Along with a more modern theme and updated functions, I was hoping to include some updated presence. Windows 8.1 Live Tiles are supposed to work with the plugin Custom Windows Pinned Tiles. I have it active and configured but I have yet to find a computer that is able to make it work. The author of the plugin says that it’s working on his pc. I’ve tried it on six others and it’s not worked on any of them. The Live Tile implementation in Windows 8.1 is, by all accounts, finicky. I’m sure it will be better in Windows 10. I can wait. It’s coming soon.
While I was adding and modifying I also invested some time in going old-school. I have a whole repository of images in one folder thanks to WP Photo Album Plus. And it lets me look at galleries and slideshows with just a few clicks. But one of the things that I’d considered was viewing all of them as just a continuous random ‘picture frame’. You can see the results of my tinkering here I’ve hit F11 to go fullscreen a few times and just let it go. It’s pretty close to what I want. But I’ll be tinkering with it for a while. I added a Picture Frame link in my menu. But it’s just not the same.

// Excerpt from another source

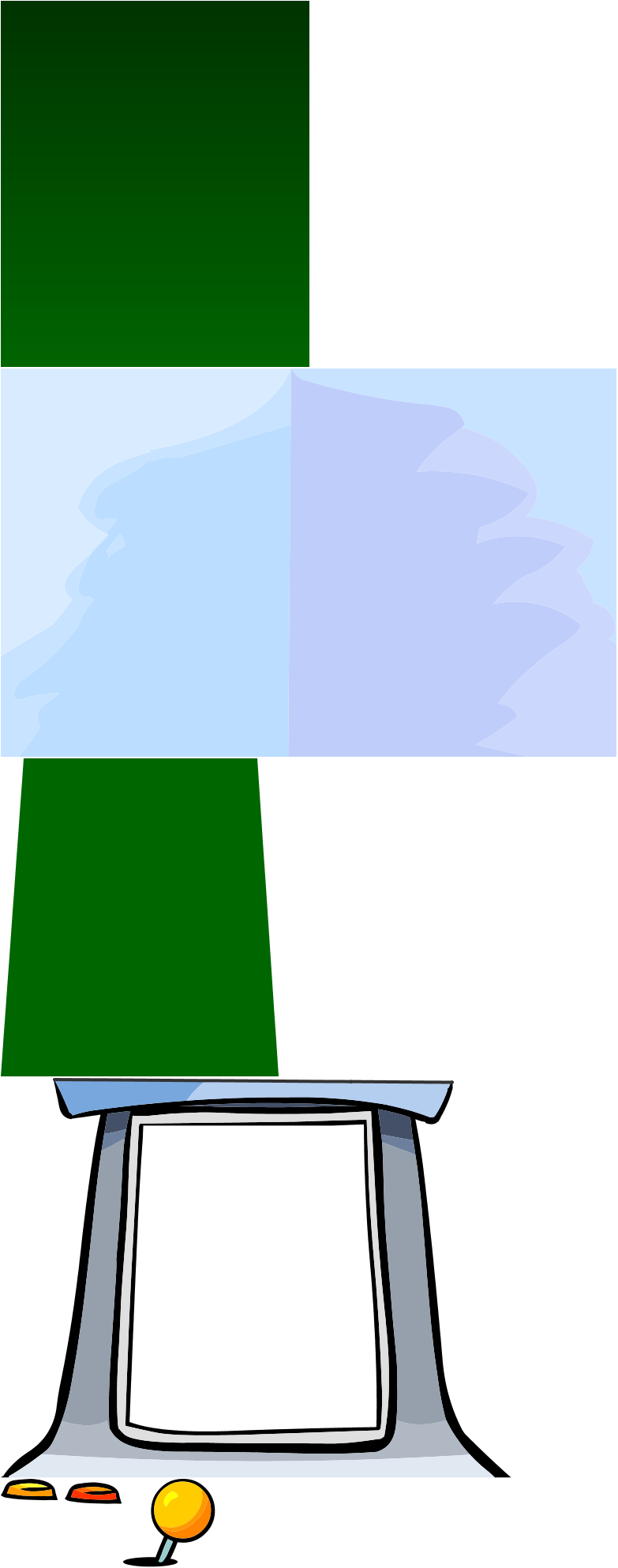 Club Penguin - Overlay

For me, this theme works better, though I don’t think it looks like a Facebook page (that’s a compliment). It looks clean and simple, easy to read and find links to this or that.
I too have been frustrated by various WordPress updates that deprecate features I liked, or added new complexity that I didn’t need. And themes that *look* right but have too many unnecessary features/options, or themes that are perfect to use but won’t look the way you want. Ugh.
If I knew how to make a WordPress theme, I would make my own. But then I’d be frustrated when WordPress updated and my theme wasn’t compatible anymore. Sigh.